German painter and graphic artist.
Born in Leipzig, Beckmann studied at the Weimar Academy (1900–03) and then worked in Berlin. His early paintings were influenced by impressionism, and he also produced works with biblical and mythological themes, reflecting his admiration of medieval art. At the start of World War I (1914) he served as a medical orderly but was discharged following a nervous breakdown. These experiences of war profoundly influenced his later work. Settling in Frankfurt in 1915, he began to paint figurative compositions conveying a harsh vision of an evil and malicious contemporary world. Brutality and oppressive apathy permeate these pictures, as in The Night (1919), a scene of torture that, like many of his works, reflects a social reality of the time as well as being a powerfully symbolic composition. This combination of realism with allegorical and symbolic significance has been described as transcendental realism. Certain symbolic objects, such as candles and musical instruments, recur in his pictures. His characteristic style was one of simplified forms in a crowded almost two-dimensional space. He also painted a number of self-portraits.

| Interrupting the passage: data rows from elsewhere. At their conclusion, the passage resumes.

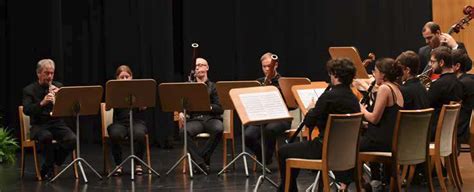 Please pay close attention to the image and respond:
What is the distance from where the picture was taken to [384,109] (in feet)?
21.7

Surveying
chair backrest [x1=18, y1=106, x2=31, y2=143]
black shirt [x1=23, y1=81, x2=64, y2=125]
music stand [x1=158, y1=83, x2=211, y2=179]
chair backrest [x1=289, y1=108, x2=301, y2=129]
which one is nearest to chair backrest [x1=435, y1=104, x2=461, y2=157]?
chair backrest [x1=289, y1=108, x2=301, y2=129]

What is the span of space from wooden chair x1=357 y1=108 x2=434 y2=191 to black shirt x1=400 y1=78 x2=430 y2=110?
46cm

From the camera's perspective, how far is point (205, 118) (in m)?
8.93

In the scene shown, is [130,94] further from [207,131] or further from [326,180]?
[326,180]

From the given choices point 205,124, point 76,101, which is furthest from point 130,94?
point 205,124

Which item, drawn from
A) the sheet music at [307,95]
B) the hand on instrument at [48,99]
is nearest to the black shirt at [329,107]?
the sheet music at [307,95]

Beckmann was dismissed from his teaching post in Frankfurt by the Nazis in 1933, the same year he painted Robbery of Europe and the triptych Departure. He went first to Berlin, then to Paris and Amsterdam, and finally (in 1947) to the USA, where he taught and produced work that was lighter and less harsh. In the last two years of his life Beckmann received academic honours and prizes in the USA and at the Venice Biennale.